Nvidia's Dave Kirk Explains The Point of Cg
An anonymous roward writes "This interview at ZDNet UK has Dave Kirk talking about how Nvidia's Cg programming language will bring movie-making and game-writing together. 'This is a big step towards convergence -- not films and movies and games being the same, but the way people create them being the same. Artists can use the same skills on both. Cg is almost guaranteed to be efficient in hardware, and any Renderman program can be translated to Cg, by hand or by a tool that someone's developing. Once that happens, all the moviemaking can take place in Cg.'"
Comments in the article that announced Cg suggest that it's more like a C-like language for programming the graphics card. Alternatives would be to use OpenGL or DirectX or (shudder) the assembly language for the card's processor chip.

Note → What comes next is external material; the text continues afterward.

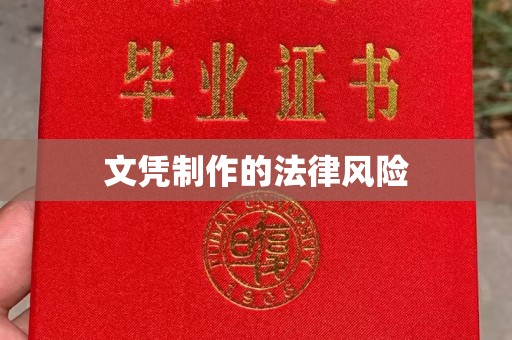 建华文凭制作的法律风险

Even though the interview mentions the magic word "Renderman", I don't think this will have much of an impact on movie-making. Well, maybe the low-budget stuff will move to it. But not the likes of Pixar or Dreamworks. Even with the speed of graphics hardware doubling every six months (which I agree is very impressive), we would still need eight or nine years of hardware improvements to render a movie in real time that currently takes two hours per frame.*
OK, it doesn't have to be real-time to be useful. If it's significantly faster than a general-purpose CPU, that could sell it. I suppose it could still be useful for preview renders, where you're trying to check that the animation flows smoothly before you start hammering the render farm. But when you come to do the rendering that your audience will see, you'll want the best quality that you can get, within the constraints of your schedule and your budget.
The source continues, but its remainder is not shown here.